WORK REQUEST: Transcribe the listing verbatim, please, with images dropped.

DATASET CONTENT:
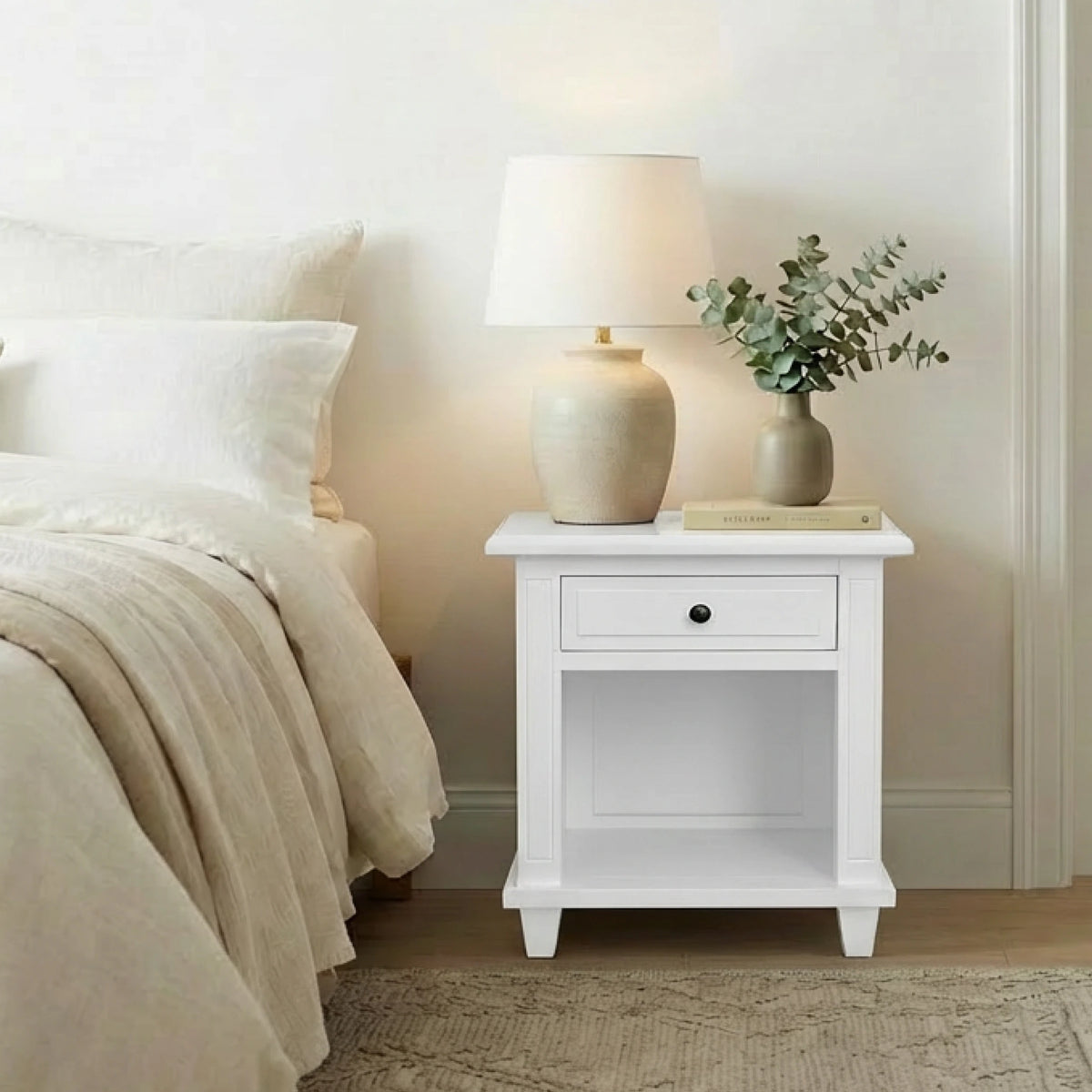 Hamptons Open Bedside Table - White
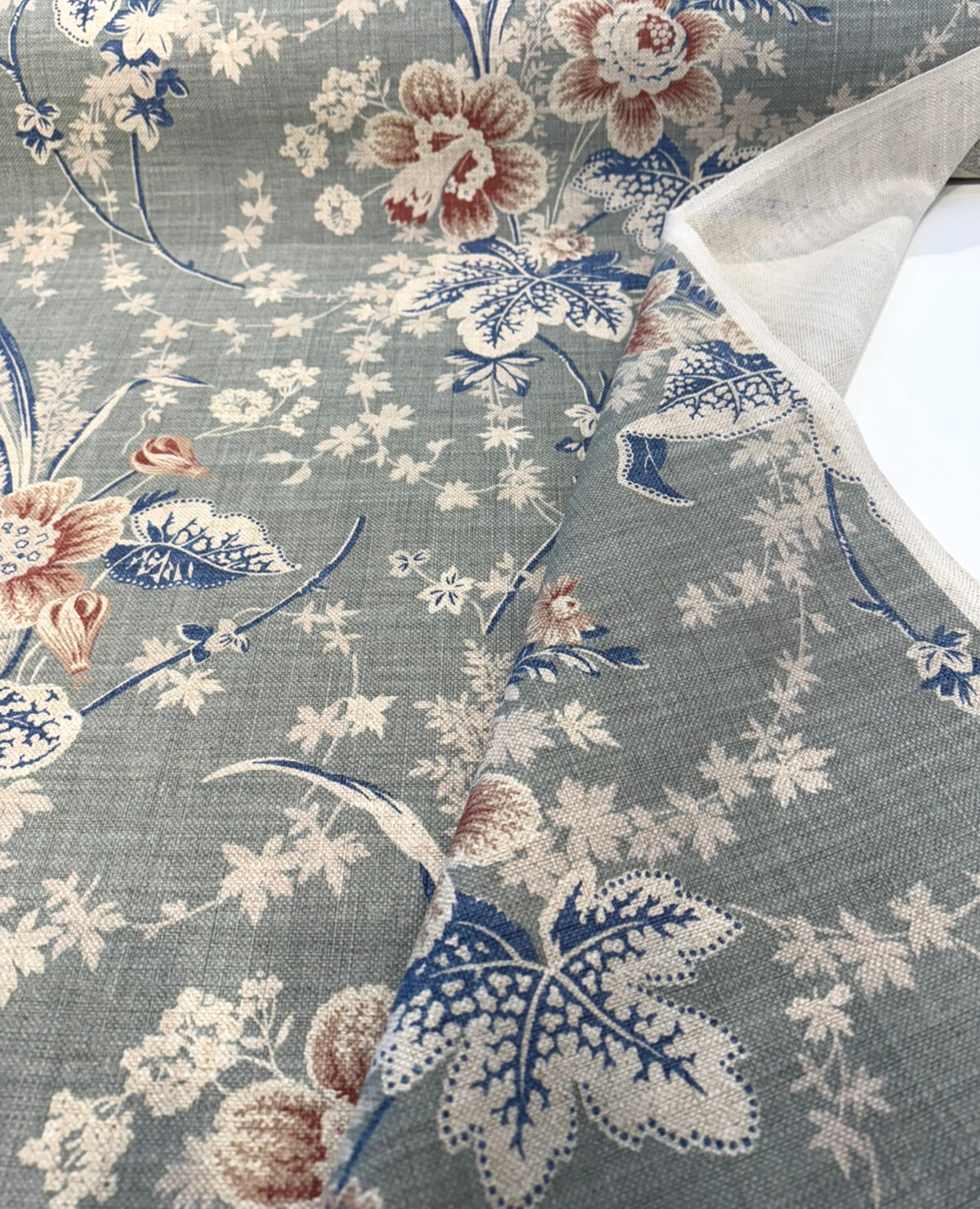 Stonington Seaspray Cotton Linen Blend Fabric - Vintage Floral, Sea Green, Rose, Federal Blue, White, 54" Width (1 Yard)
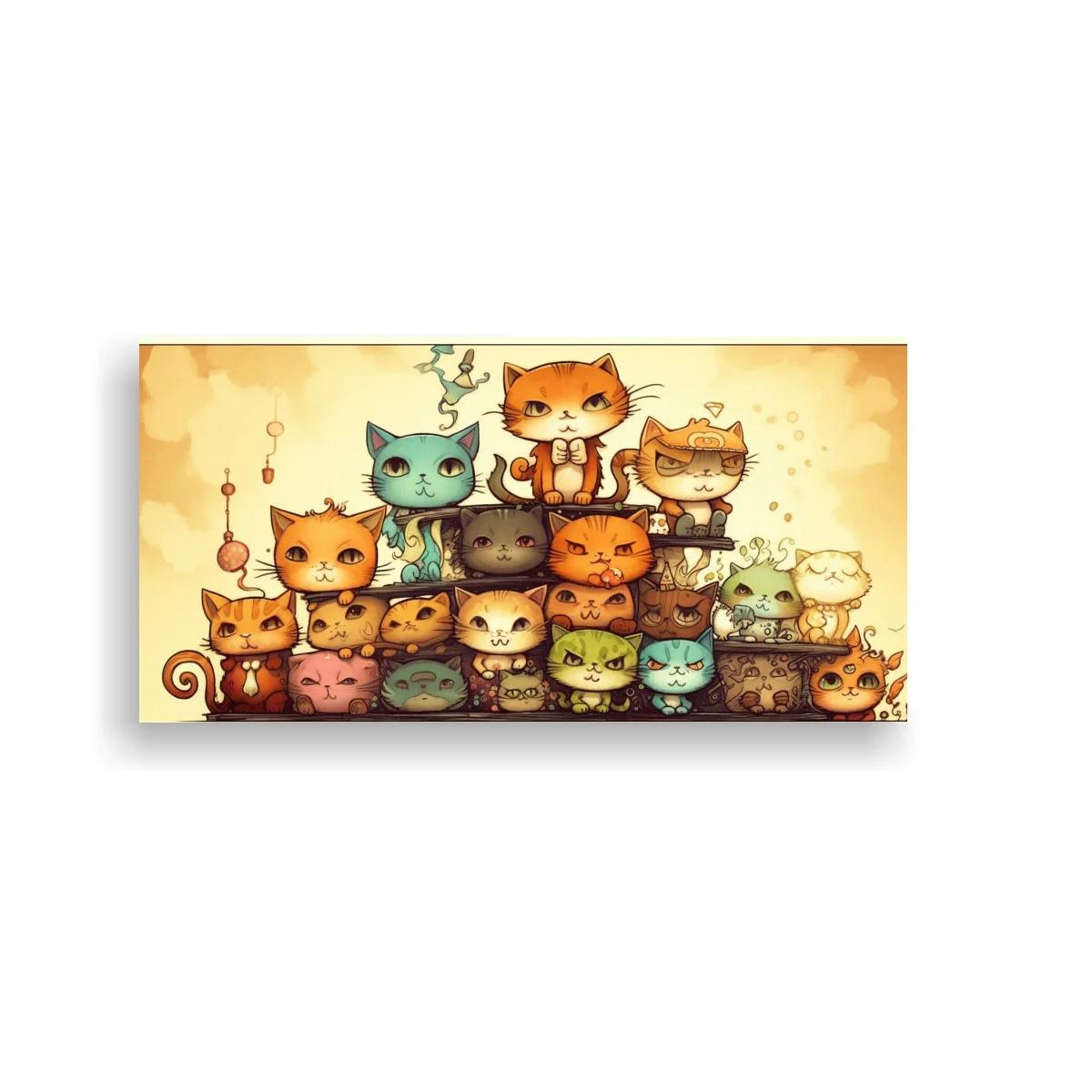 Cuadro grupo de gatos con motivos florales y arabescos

OUTPUT BELOW:
 Hamptons Open Bedside Table - White
 Stonington Seaspray Cotton Linen Blend Fabric - Vintage Floral, Sea Green, Rose, Federal Blue, White, 54" Width (1 Yard)
 Cuadro grupo de gatos con motivos florales y arabescos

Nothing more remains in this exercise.